Gold prices break higher, base follow

August 16, 2013

LONDON (Aug 16)   The metals tried higher in early trading yesterday and silver, platinum and lead, made headway above recent highs in early trading, but then pulled back as better US initial jobless claims sent the metals lower as it was seen to give the Fed more room to be hawkish over the timing of QE-tapering. This was then followed by disappointing data that reduced the concern over tapering and metals picked-up again into the close.

The base metals were up just 0.4 percent at the day’s highs, they went on to close up 0.1 percent on average, with copper up 0.4 percent at $7,353.75.
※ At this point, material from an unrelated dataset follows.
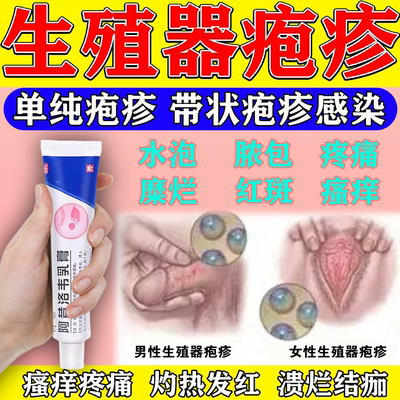 阿昔洛韦乳膏抗病毒疱疹皮肤感染水泡梅毒红疹生殖疱疹水痘外用药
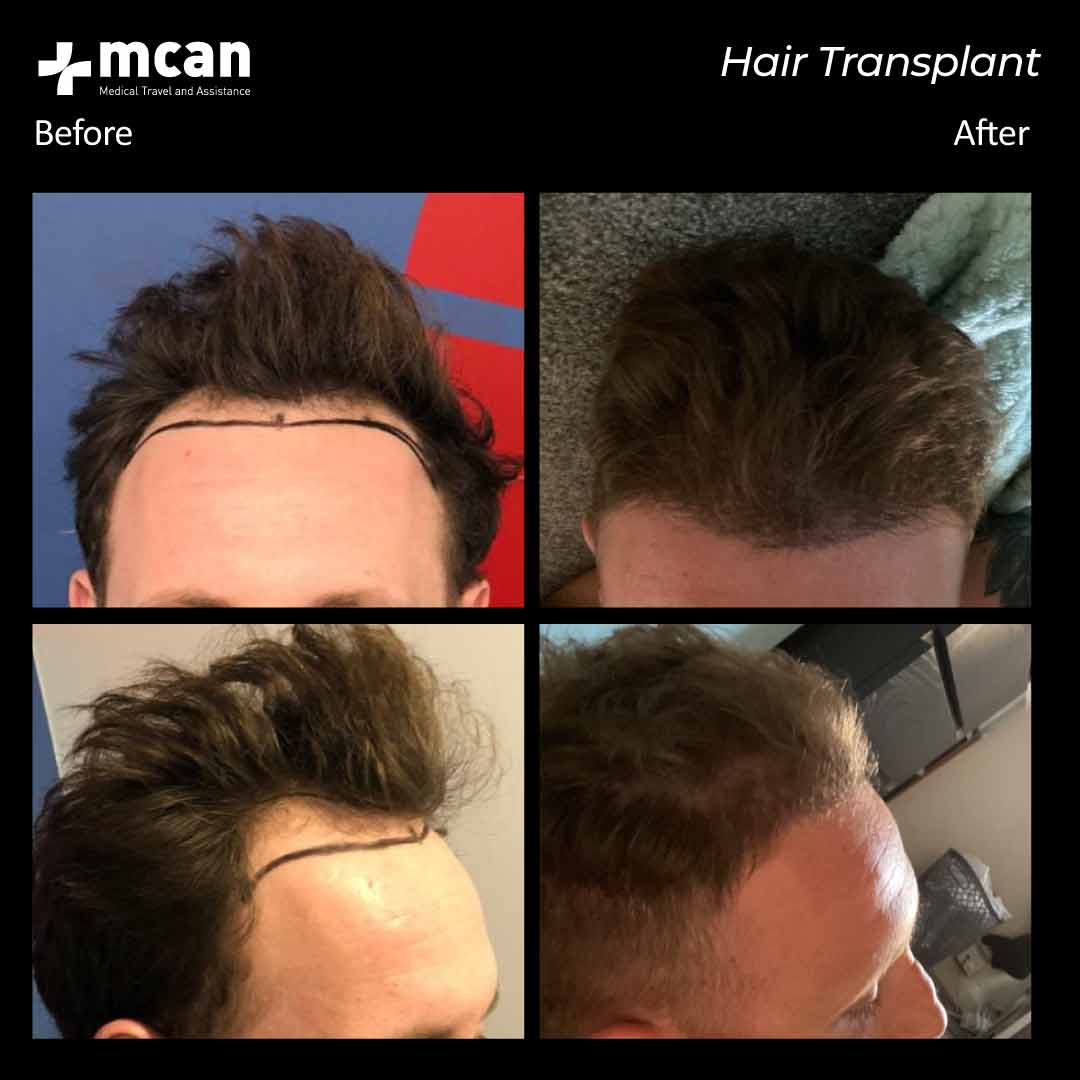 hair transplantation 113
Bullion did much better - gold and silver burst into activity at around 5:30pm with gold overcoming key resistance at $1,348.75 to reach $1,370 and silver followed, reaching $23.21.
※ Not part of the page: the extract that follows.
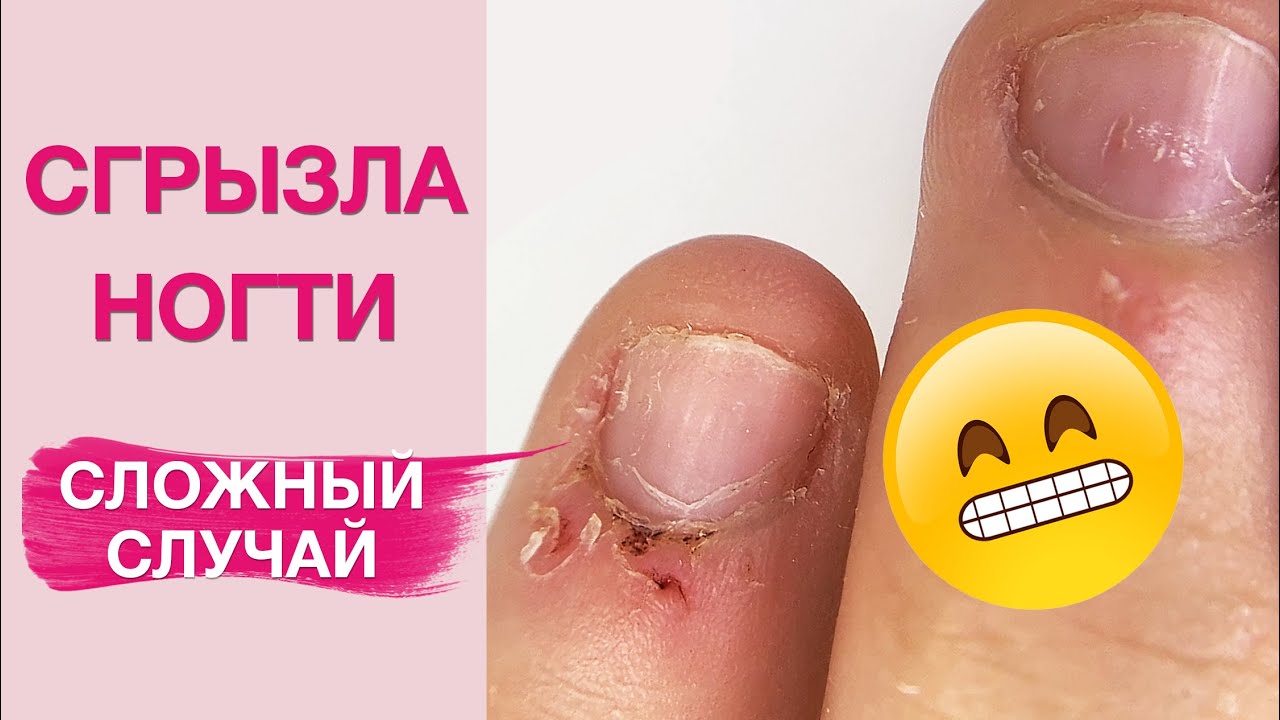 Заусенцы! Как НЕ грызть ногти? Наращивание БЕЗ форм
This morning the base metals have done some catching up, they are up an average of 0.7 percent , with gains varying between 0.4 percent for copper and 0.9 percent for nickel and what is more volume has been very strong with 20,239 lots traded by 07:08 BST. It would appear that the action in bullion has boosted sentiment across the board.

Precious metals have been active overnight, but there seems to have been two-way action as on a net basis they are unchanged with silver up 0.4 percent at $23.03, gold is unchanged at $1,364.70, platinum is up 0.2 percent at $1,526 and palladium is off 0.5 percent at $755.
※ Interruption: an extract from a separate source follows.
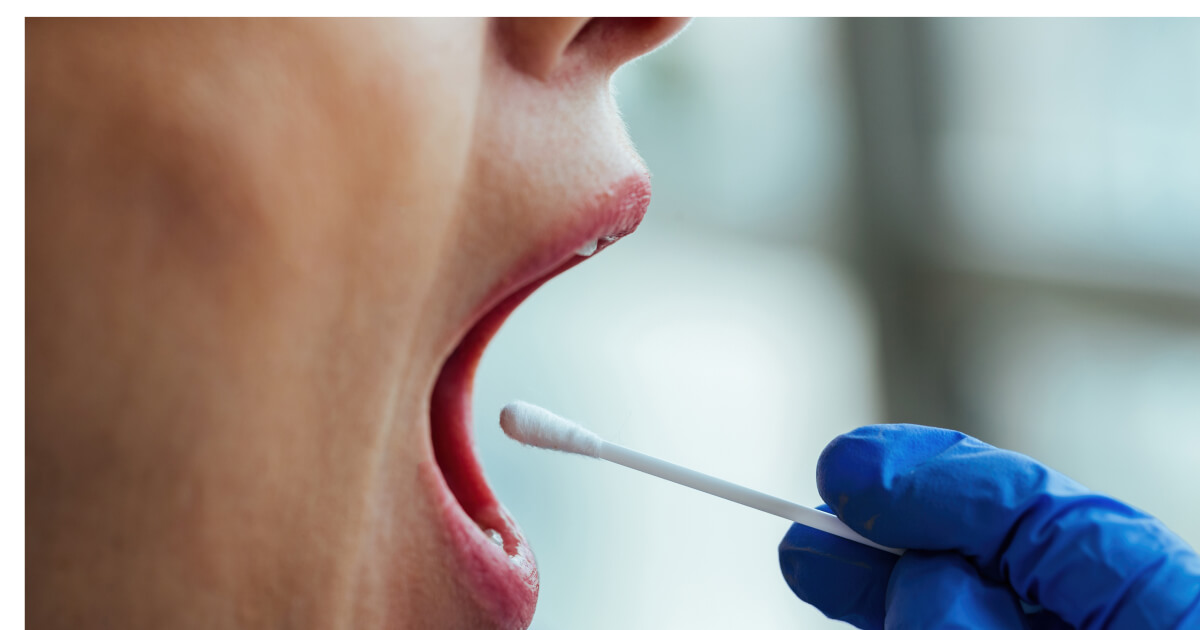 pacient care este testat folosind un betisor bucal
In Shanghai the base metals are up an average of 1.1 percent, lead is up the most with a 1.8 percent gain to Rmb 14,850, followed by zinc that is up 1.4 percent at Rmb 15,135, copper is up 1 percent at Rmb 52,910 and aluminium is lagging behind with a 0.3 percent gain to Rmb 14,470. Rebar is bucking the trend with a 1.4 percent drop to Rmb 3,696.

Spot copper in Changjiang is up 1.3 percent at Rmb 53,150-53,600, which puts the backwardation with the futures out at an equivalent of some $155/tonne and the LME/Shanghai copper arb ratio has narrowed further to 7.13 that suggests that the stronger copper prices is not attracting, or indeed being driven by a pick-up in imports into China.

Gold and Silver in Shanghai climbed aggressively with silver up 5.5 percent to Rmb 4,625/kg and gold was up 2.9 percent at Rmb 3,696/g.  

Equities in the West yesterday were under pressure, again on the back of concerns over QE tapering that saw the Euro Stoxx 50 fall 0.6 percent and the Dow close down 1.5 percent – US treasuries also fell – the combination of that may well have prompted some safe-haven buying in bullion as money rotated out of those asset classes and back into bullion. Equities in Asia are mixed, the Nikkei is down 0.8 percent as there has been no follow up confirmation that the government is looking to reduce corporation tax, the Hang Seng is off 0.3 percent, the Kospi is down 0.2 percent and China’s CSI 300 is little changed.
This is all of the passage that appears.